40-Year-Old Leo The Gorilla Died Of Heart Disease

The Woodland Park Zoo's beloved silverback gorilla, Leo, died of heart disease, the zoo's director of animal health announced after a necropsy has been carried out.


The 40-year-old silverback gorilla who died last week had heart disease, according to Woodland Park Zoo.
The zoo said a necropsy, which is an autopsy performed on an animal, revealed that Leo the gorilla died from an aortic aneurysm involving a rupture to the main artery leaving the heart.

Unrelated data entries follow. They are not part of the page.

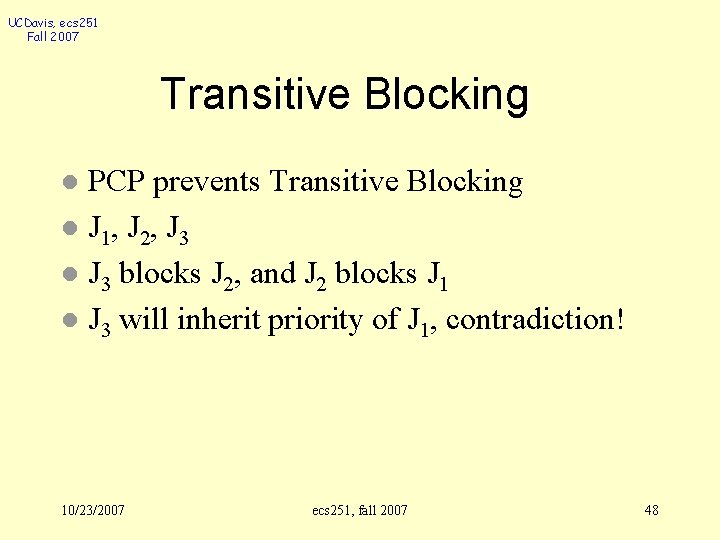 UCDavis, ecs 251 Fall 2007 Transitive Blocking PCP prevents Transitive Blocking l J 1,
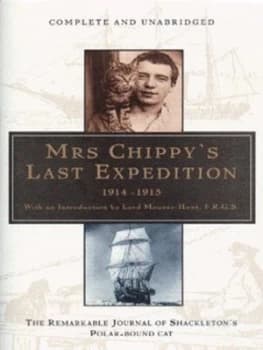 Mrs Chippys Last Expedition by Caroline Alexander Hardback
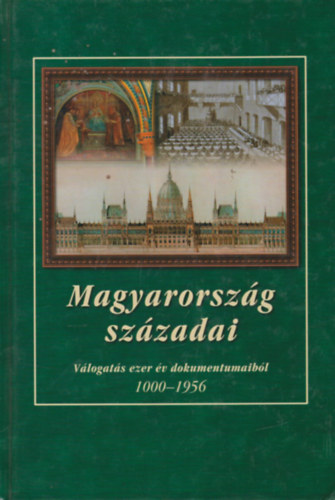 �rszegi G�za, D�ka Kl�ra, So�s L�szl� - Magyarorsz�g sz�zadai - V�logat�s ezer �v dokumentumaib�l 1000-1956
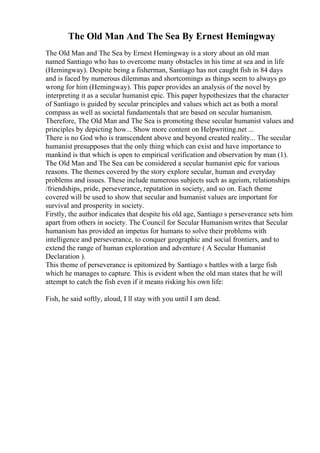 The Old Man And The Sea By Ernest Hemingway
The Old Man and The Sea by Ernest Hemingway is a story about an old man
named Santiago who has to overcome many obstacles in his time at sea and in life
(Hemingway). Despite being a fisherman, Santiago has not caught fish in 84 days
and is faced by numerous dilemmas and shortcomings as things seem to always go
wrong for him (Hemingway). This paper provides an analysis of the novel by
interpreting it as a secular humanist epic. This paper hypothesizes that the character
of Santiago is guided by secular principles and values which act as both a moral
compass as well as societal fundamentals that are based on secular humanism.
Therefore, The Old Man and The Sea is promoting these secular humanist values and
principles by depicting how... Show more content on Helpwriting.net ...
There is no God who is transcendent above and beyond created reality... The secular
humanist presupposes that the only thing which can exist and have importance to
mankind is that which is open to empirical verification and observation by man (1).
The Old Man and The Sea can be considered a secular humanist epic for various
reasons. The themes covered by the story explore secular, human and everyday
problems and issues. These include numerous subjects such as ageism, relationships
/friendships, pride, perseverance, reputation in society, and so on. Each theme
covered will be used to show that secular and humanist values are important for
survival and prosperity in society.
Firstly, the author indicates that despite his old age, Santiago s perseverance sets him
apart from others in society. The Council for Secular Humanismwrites that Secular
humanism has provided an impetus for humans to solve their problems with
intelligence and perseverance, to conquer geographic and social frontiers, and to
extend the range of human exploration and adventure ( A Secular Humanist
Declaration ).
This theme of perseverance is epitomized by Santiago s battles with a large fish
which he manages to capture. This is evident when the old man states that he will
attempt to catch the fish even if it means risking his own life:
Fish, he said softly, aloud, I ll stay with you until I am dead.
 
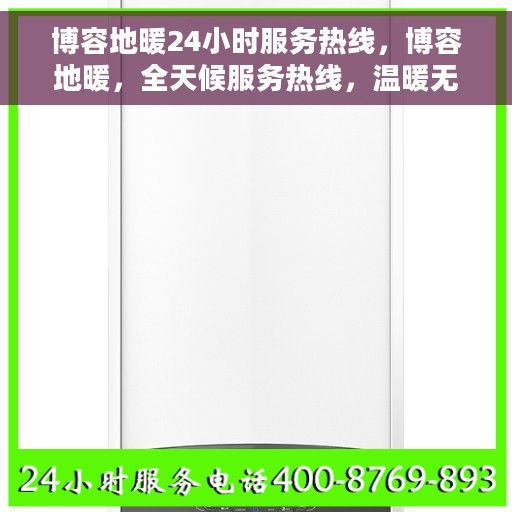 博容地暖24小时服务热线，博容地暖，全天候服务热线，温暖无忧的承诺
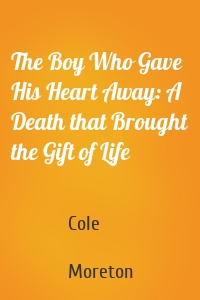 The Boy Who Gave His Heart Away: A Death that Brought the Gift of Life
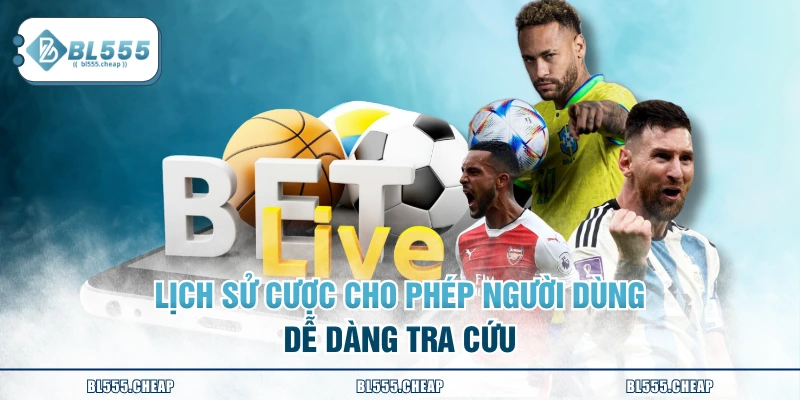 Lịch sử cược cho phép người dùng dễ dàng tra cứu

“The aortic dissection was extensive, extending into the descending aorta, down as far as the lower back region of Leo,” Dr. Darin Collins, Woodland Park Zoo’s director of animal health, said on Thursday.
According to the zoo, heart disease became known as a major cause of death in the early 1990s among all four great apes: gorillas, orangutans, chimpanzees and bonobos.
Because of that, the Great Ape Heart Project was established among the zoo communities, the zoo said.  A more detailed examination of his heart will be conducted, Collins said.
Leo, full name Leonel, was an integral part of one of the zoo’s great ape families that included three female gorillas: 22-year-old Nadiri, her 2-year-old daughter, Yola, and 16-year-old Akenji.
Leo became an adoptive father to Yola after her birth. His body was kept at the gorilla building after his death so his animal and human family members could say goodbye, zoo officials said last week.